● **LISTED ENTRIES**

-- Opening Marker --

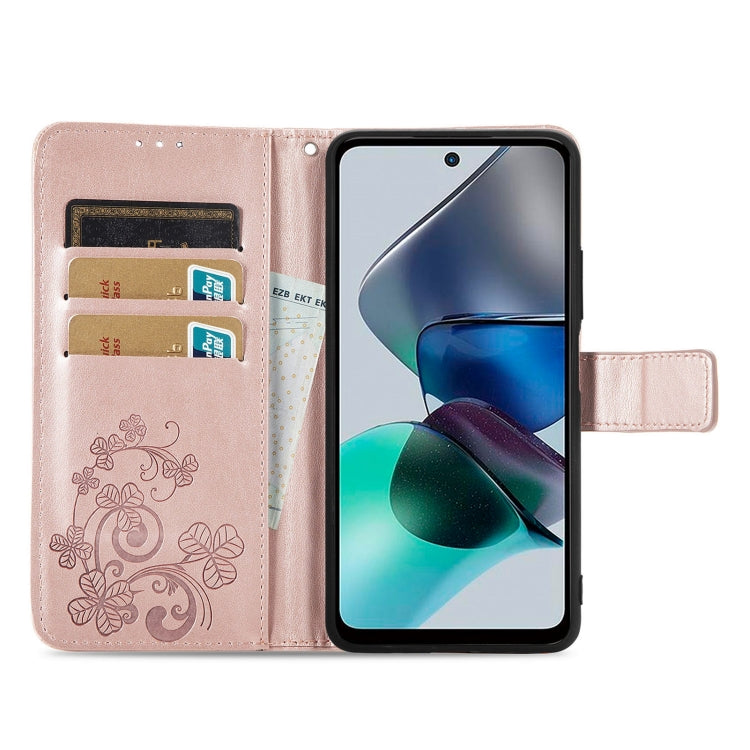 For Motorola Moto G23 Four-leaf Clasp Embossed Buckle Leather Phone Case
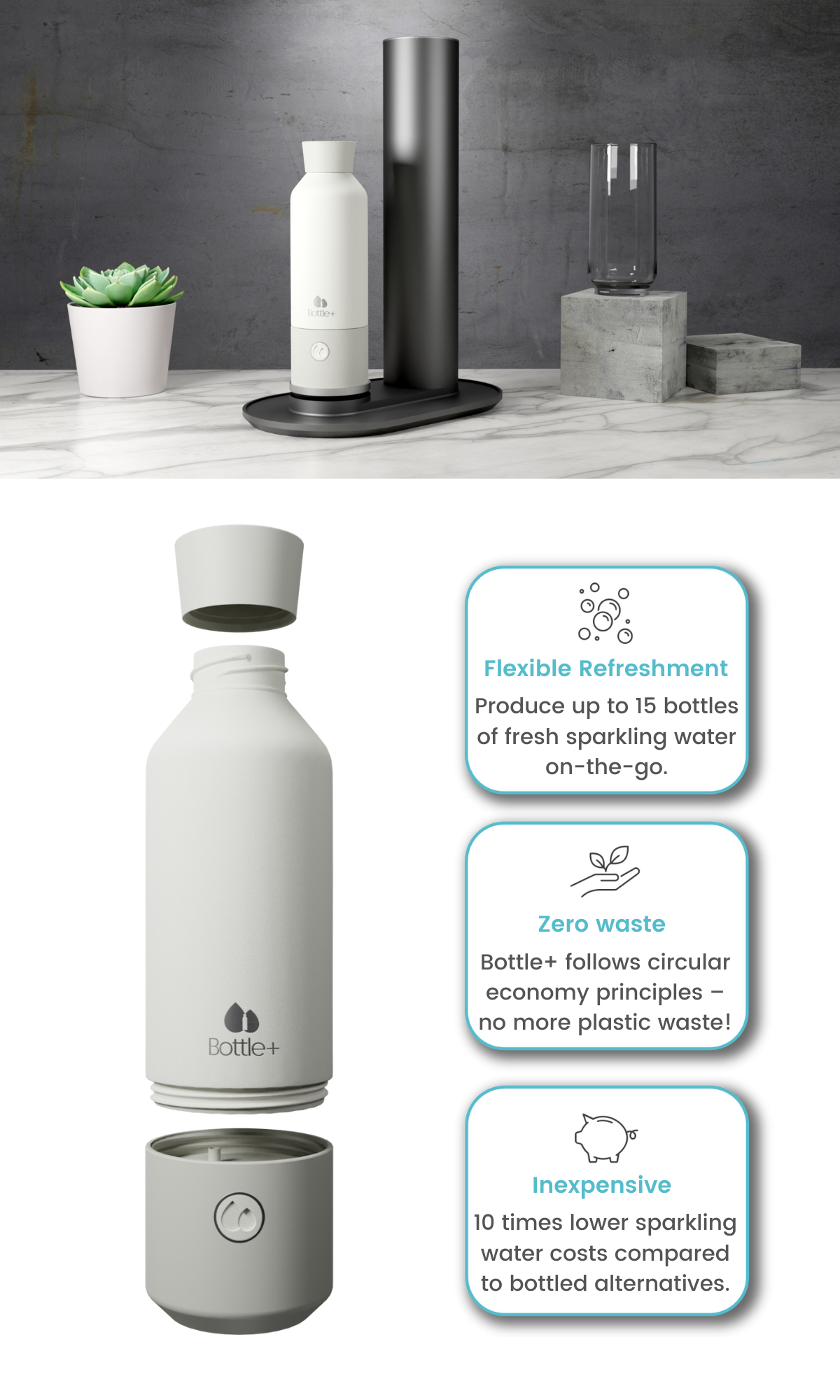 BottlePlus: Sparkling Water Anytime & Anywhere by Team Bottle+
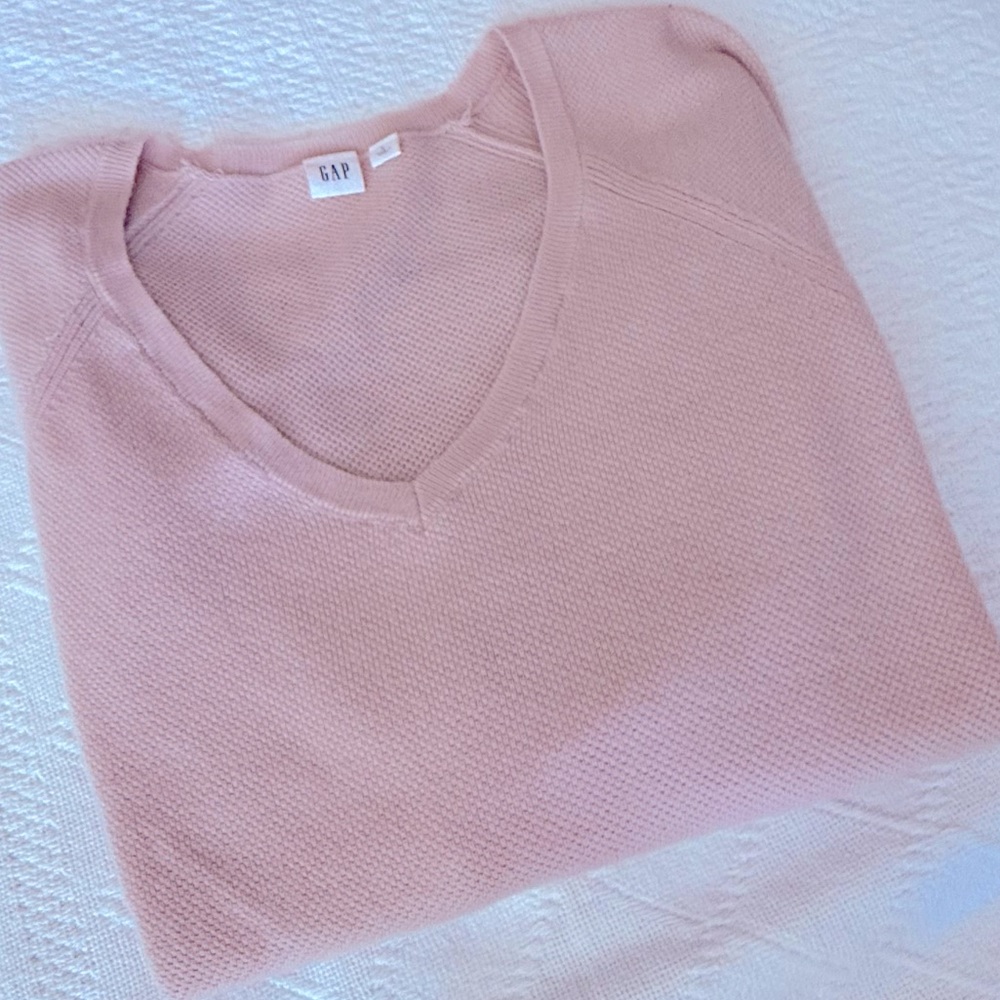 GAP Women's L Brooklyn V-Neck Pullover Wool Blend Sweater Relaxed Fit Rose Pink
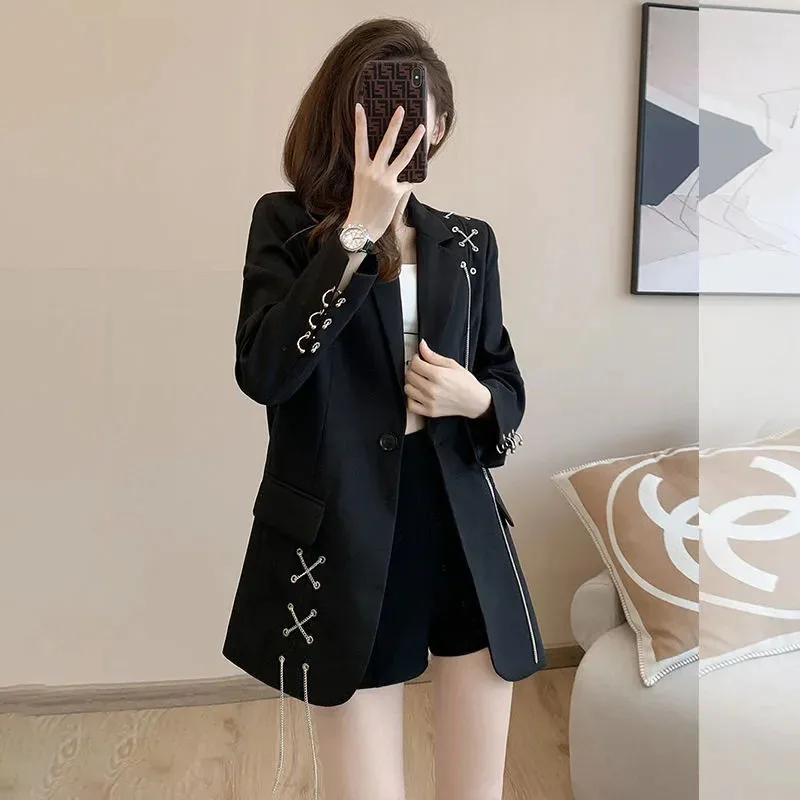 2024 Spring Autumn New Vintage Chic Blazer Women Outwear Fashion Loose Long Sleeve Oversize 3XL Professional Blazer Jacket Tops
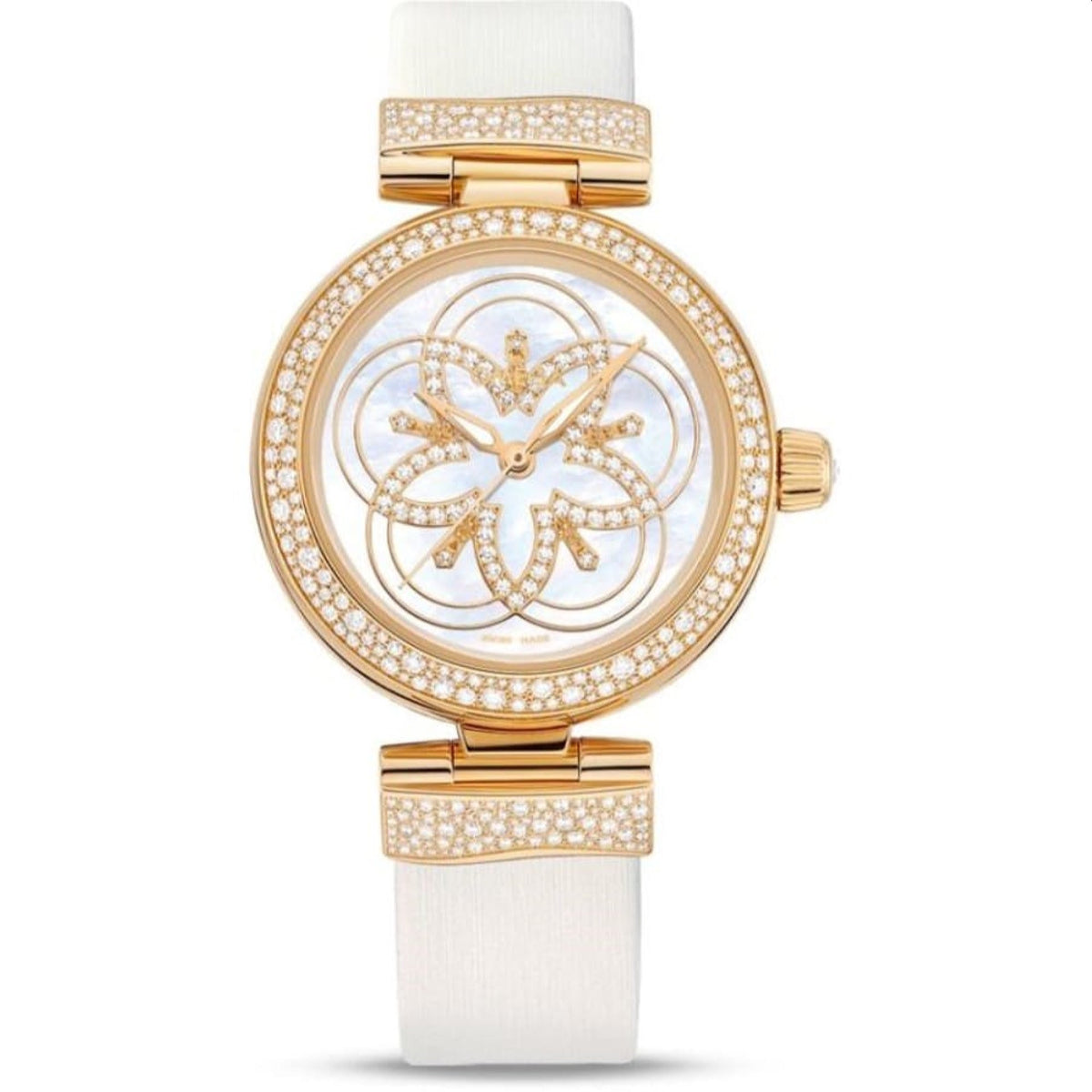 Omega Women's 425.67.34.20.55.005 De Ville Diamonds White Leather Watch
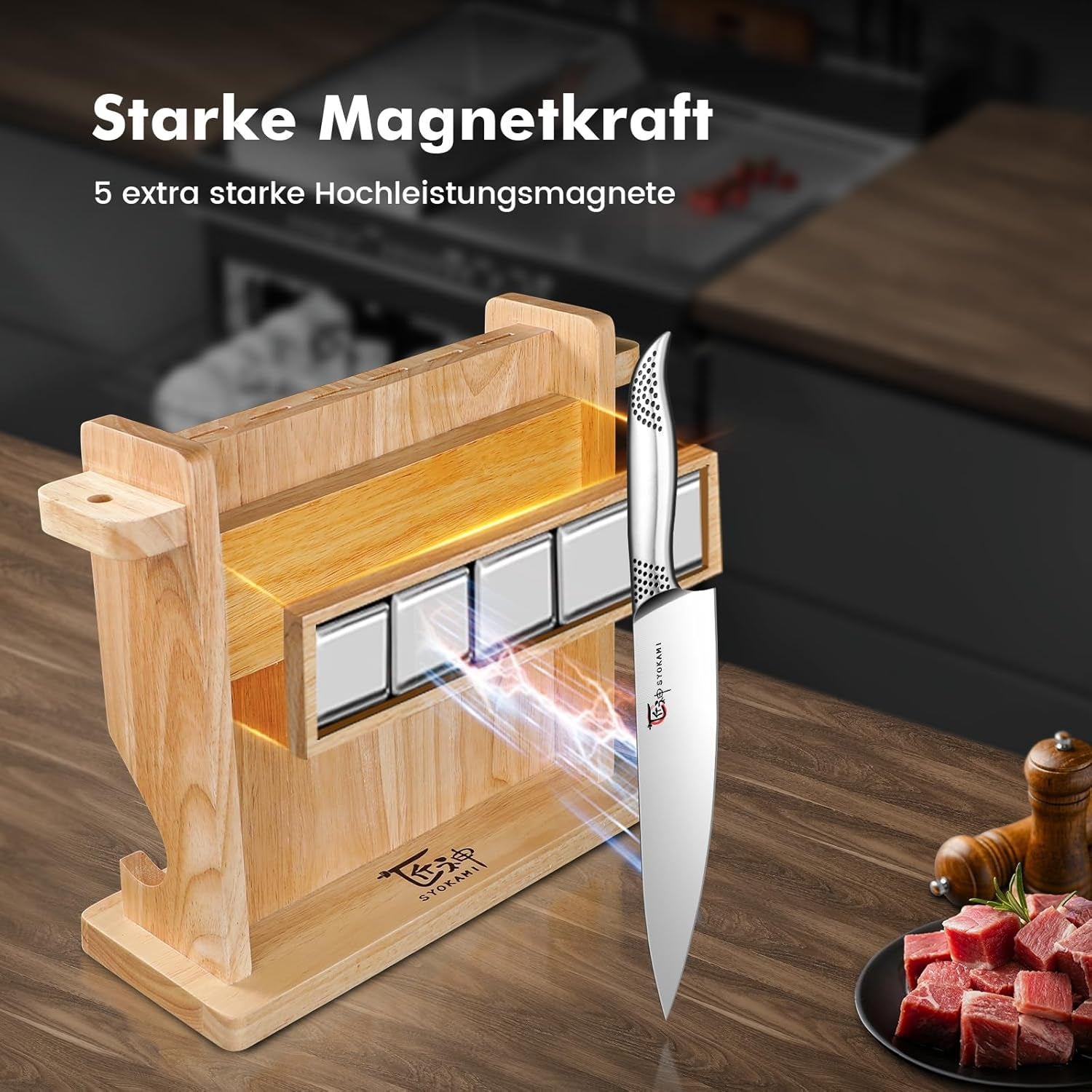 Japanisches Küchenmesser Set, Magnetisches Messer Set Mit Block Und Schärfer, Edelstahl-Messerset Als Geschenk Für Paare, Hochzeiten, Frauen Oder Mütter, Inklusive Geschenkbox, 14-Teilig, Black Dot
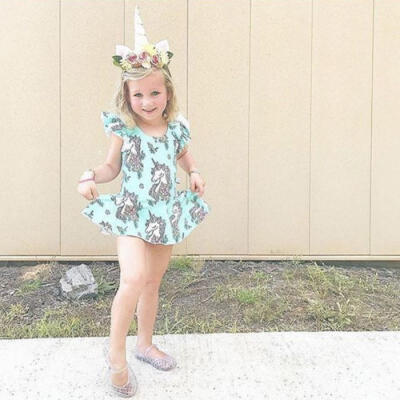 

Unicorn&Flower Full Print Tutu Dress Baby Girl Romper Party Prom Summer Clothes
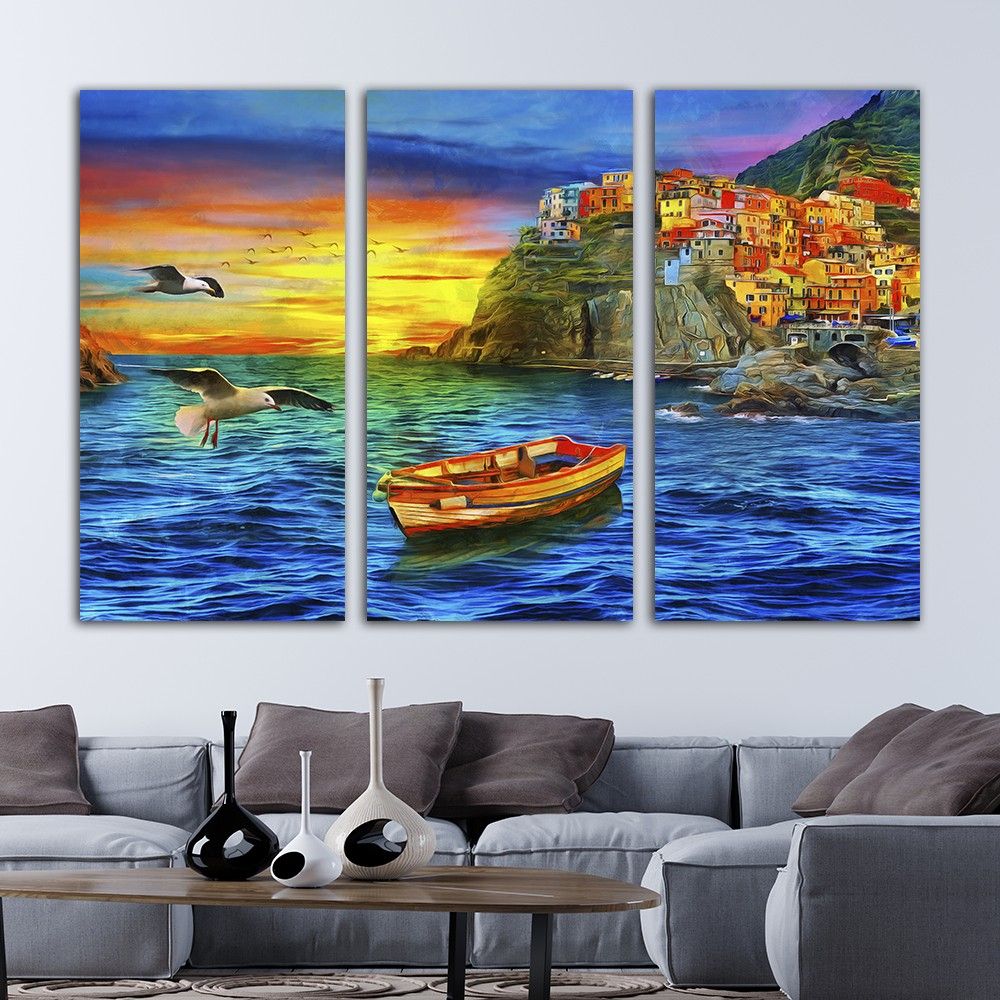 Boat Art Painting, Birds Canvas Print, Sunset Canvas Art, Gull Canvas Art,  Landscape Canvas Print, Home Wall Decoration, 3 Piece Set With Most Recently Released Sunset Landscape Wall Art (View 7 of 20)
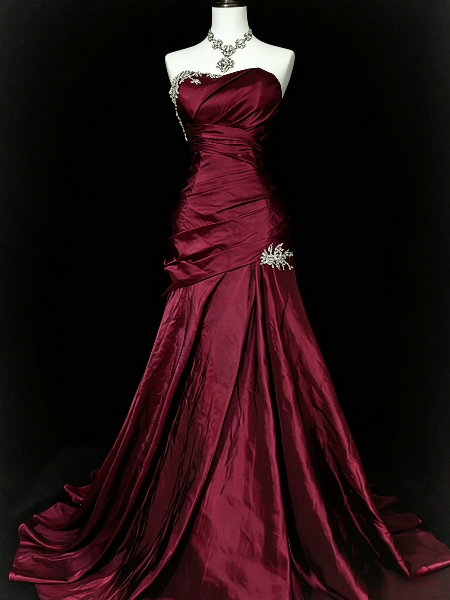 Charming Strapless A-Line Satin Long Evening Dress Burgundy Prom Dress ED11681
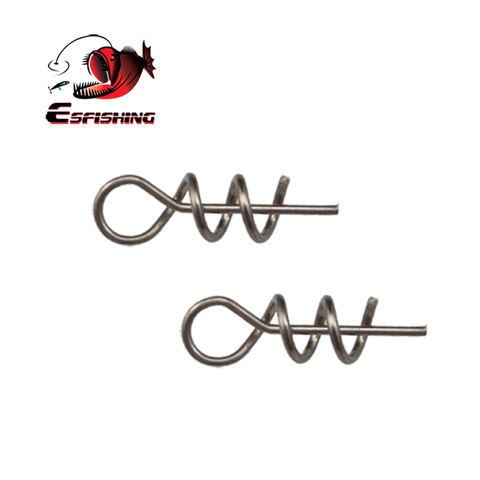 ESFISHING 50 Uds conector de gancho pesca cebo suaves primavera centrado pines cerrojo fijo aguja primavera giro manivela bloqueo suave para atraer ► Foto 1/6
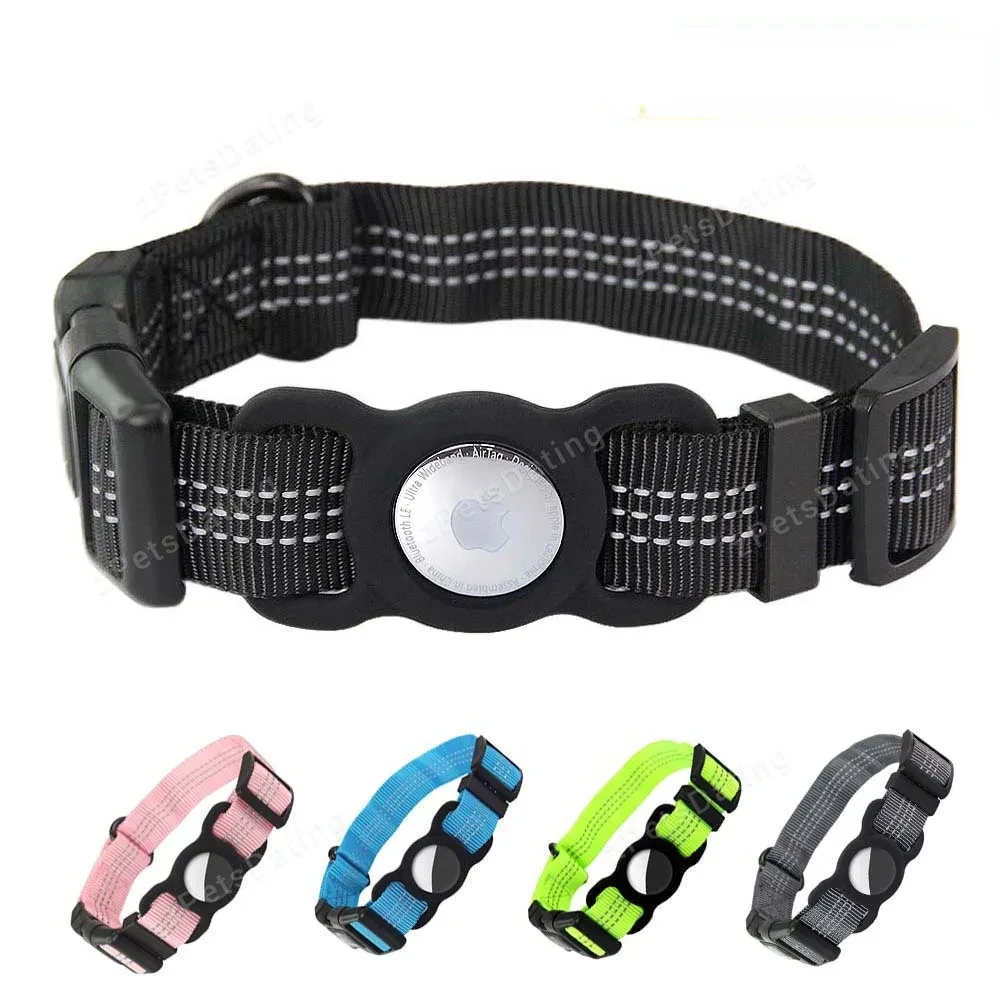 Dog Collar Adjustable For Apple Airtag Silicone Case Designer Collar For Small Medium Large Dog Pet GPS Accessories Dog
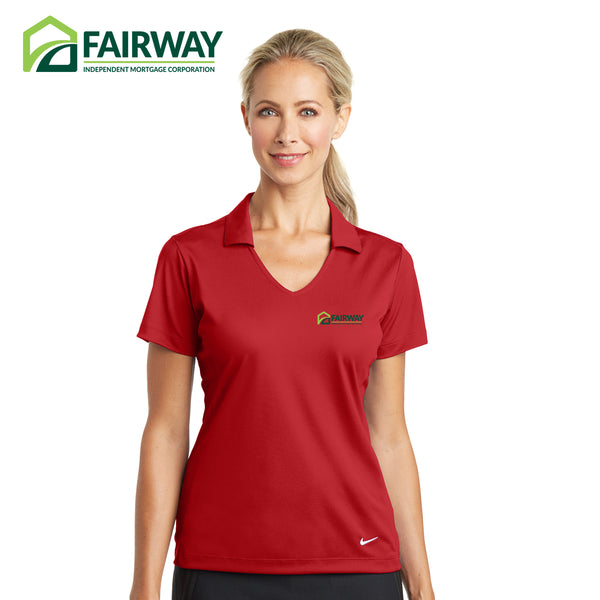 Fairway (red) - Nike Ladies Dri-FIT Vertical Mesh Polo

-- Closing Marker --

● **PROBLEM TO SOLVE**
Copy word for word the lines of the records above from the one with "GAP Women's L" up to and including the one with "Omega Women's 425.67.34.20.55.005". Skip the pictures.

● **OUTPUT BELOW**
 GAP Women's L Brooklyn V-Neck Pullover Wool Blend Sweater Relaxed Fit Rose Pink
 2024 Spring Autumn New Vintage Chic Blazer Women Outwear Fashion Loose Long Sleeve Oversize 3XL Professional Blazer Jacket Tops
 Omega Women's 425.67.34.20.55.005 De Ville Diamonds White Leather Watch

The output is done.